PHINNEY, Robert A.1, SIGMAN, Daniel2 and ONSTOTT, Tullis C.2, (1)Geosciences, Princeton Univ, Princeton, NJ 08544, (2)Department of Geosciences, Princeton Univ, Princeton, NJ 08544, rphinney@princeton.edu

Field programs have traditionally been taught to mid-level undergraduates, following their commitment to a Geology major and a basic menu of professional coursework. Typically, entering students have virtually no decent background in the earth sciences, and tend to move toward better known majors; even science-inclined students and engineers do not consider Geology. The Princeton program of Freshman Seminars permits us the opportunity of taking 20 applicants on a 9-day field program during fall break. Since most of our freshmen come from an urbanized region in the east, we introduce them to Geology by taking them to the Long Valley region in California.

The course title "Active Geological Processes" is a natural outcome of a trip to this area. Volcanism, earthquakes, faulting, glaciation, landsliding, and rapid geomorphic evolution are evident to the beginner. Salient aspects of the pedagogy are: (1) "knock their socks off" exposure to this area; (2) each day's effort is localized around one site; (3) students keep a field notebook, with observations, discussions, and field sketching combined. The textbook serves as a resource. A great deal of catch-up learning occurs on the outcrop with the active coaching of the instructors. For 20 students, we need 4-5 instructors to keep the student-teacher interactions alive.

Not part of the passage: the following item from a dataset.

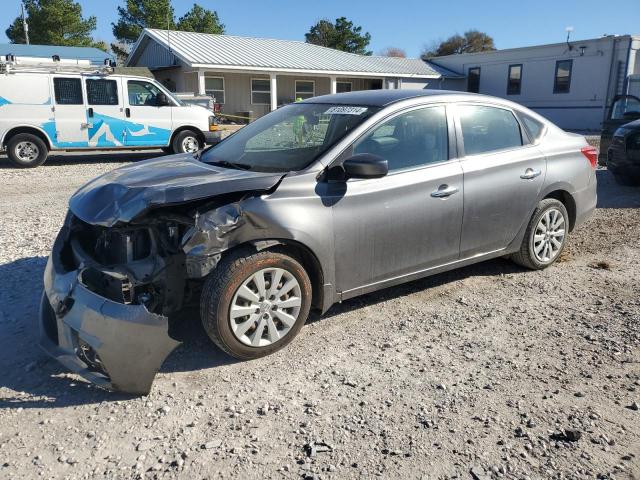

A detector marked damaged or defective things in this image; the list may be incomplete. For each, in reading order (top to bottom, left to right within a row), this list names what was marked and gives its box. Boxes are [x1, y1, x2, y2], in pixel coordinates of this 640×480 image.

crumpled hood [68, 155, 284, 228]
damaged silver sedan [41, 91, 596, 394]
missing front bumper [39, 256, 181, 396]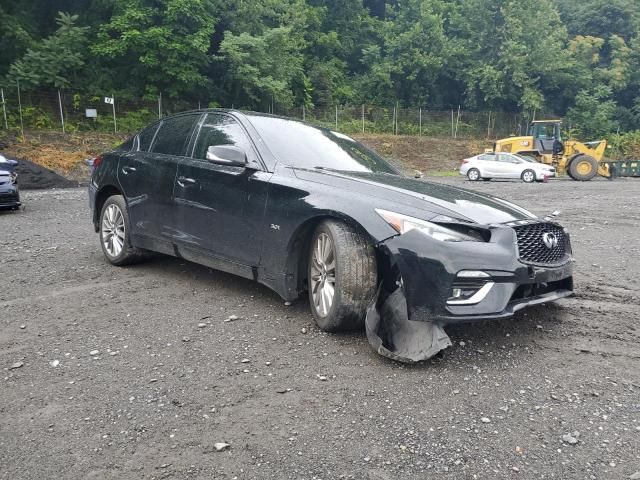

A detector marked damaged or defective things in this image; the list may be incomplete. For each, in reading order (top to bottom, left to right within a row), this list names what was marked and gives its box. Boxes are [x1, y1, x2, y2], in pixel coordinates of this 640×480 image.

The main purpose is to offer a course which embodies a pedagogically powerful means of introducing students to the earth sciences... one which is often described as "my best experience at Princeton"... and which can communicate to the University community as a whole the nature of our subject. It is clearly oriented as a recruiting tool, but only as a natural consequence of the course experience.

From a 14-year experience with the Long Valley trip, we have been able to elicit University funding for an Oceanography trip to Bermuda [2003] and a new trip to Yellowstone with a focus on geologically extreme life environments.

Conclusions: [1] We strongly recommend an intensive field experience as the introductory stage in geological education, when other constraints permit; [2] Approximately 2-4 of each cadre of 20 go on to become departmental majors; [3] These programs have had an important role in increasing the visibility and positive "buzz" of the department with both students and faculty in the University as a whole.